Actually, US fracking NG must be really changing the economic equation.
I think we should continue to look for media opportunities.
From: McKenzie Ball <[address removed]>
To: [address removed]
Sent: Wednesday, October 19,[masked]:48 PM
Subject: [Bozeman-Climate-Alliance] Keystone XL Pipeline
I'm sending this out as a little update and my own observations on the Keystone XL pipeline battle. At last weeks's meeting we briefly discussed the XL pipeline situation and threw some ideas around as to whether we as a group here in Bozeman have any further opportunity to organize or demonstrate against Keystone XL.

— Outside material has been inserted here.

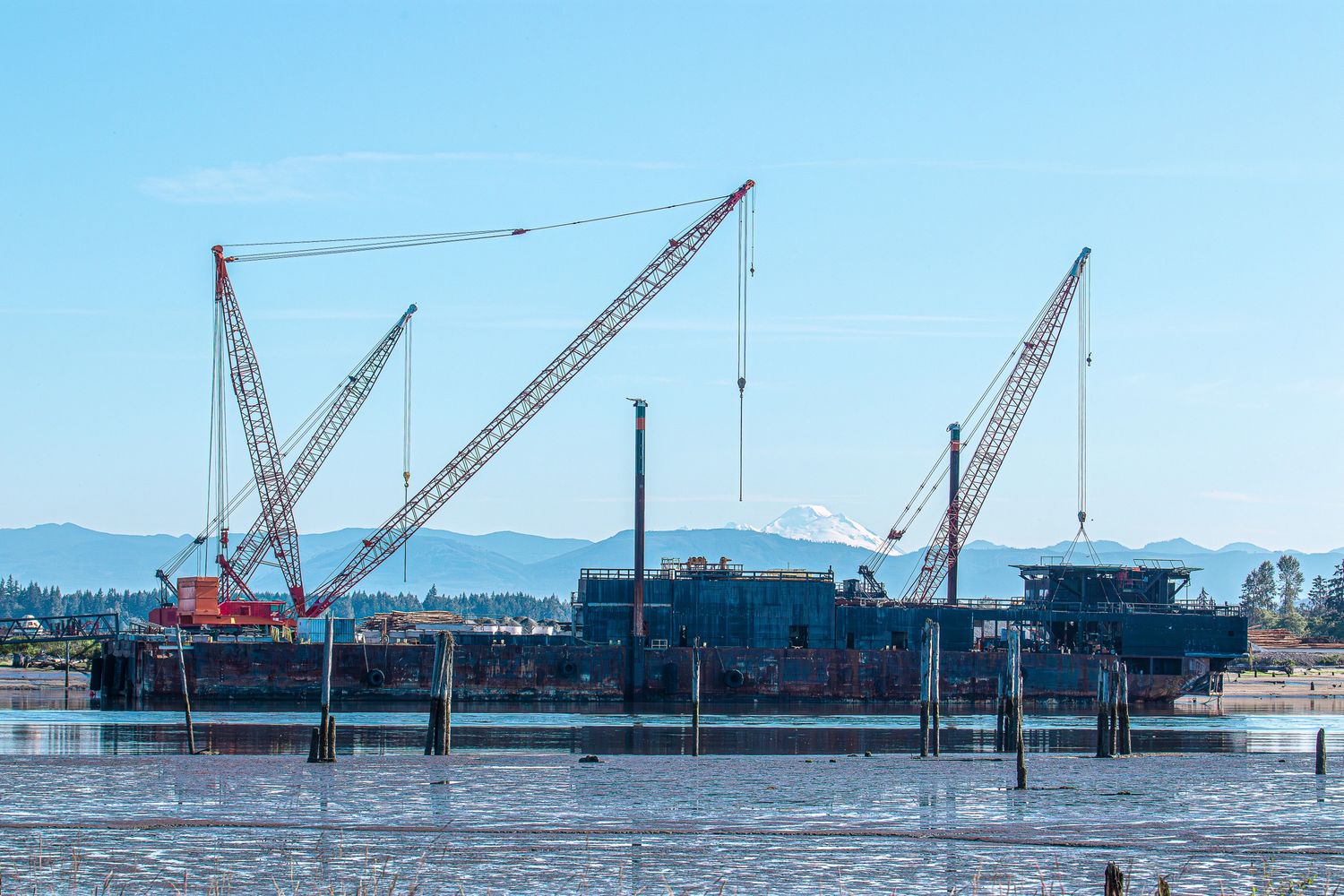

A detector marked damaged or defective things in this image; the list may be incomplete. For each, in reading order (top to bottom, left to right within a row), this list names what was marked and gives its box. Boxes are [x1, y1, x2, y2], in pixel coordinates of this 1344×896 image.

rusty barge hull [99, 642, 1204, 702]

It wouldn’t be fair to say that all momentum for stopping the pipeline has dissipated, but in the last few weeks since the State Department Hearings concluded there has definitely been a certain air of defeatist acceptance that it is a done deal. Indeed it does seem plausible that it was approved months or even years ago behind closed doors. While this may or may not be true, I think it is important to continue to encourage individuals to take action personally and keep the pressure on. I’ve personally never been one for letter writing or phone calls to elected officials, but they are still required to record public input and opinion. I would like to see the public input numbers for support
and opposition from state and federal officials. In a recent poll by The National Journal, 70% of respondents replied that they felt Obama would approve the pipeline by the end of the year. So essentially not only is it appearing to be a done deal, it is appearing that way to an overwhelming majority of Americans. This is likely feeding the decline of momentum. In addition the major groups opposing the pipeline have slowed down their campaign considerably.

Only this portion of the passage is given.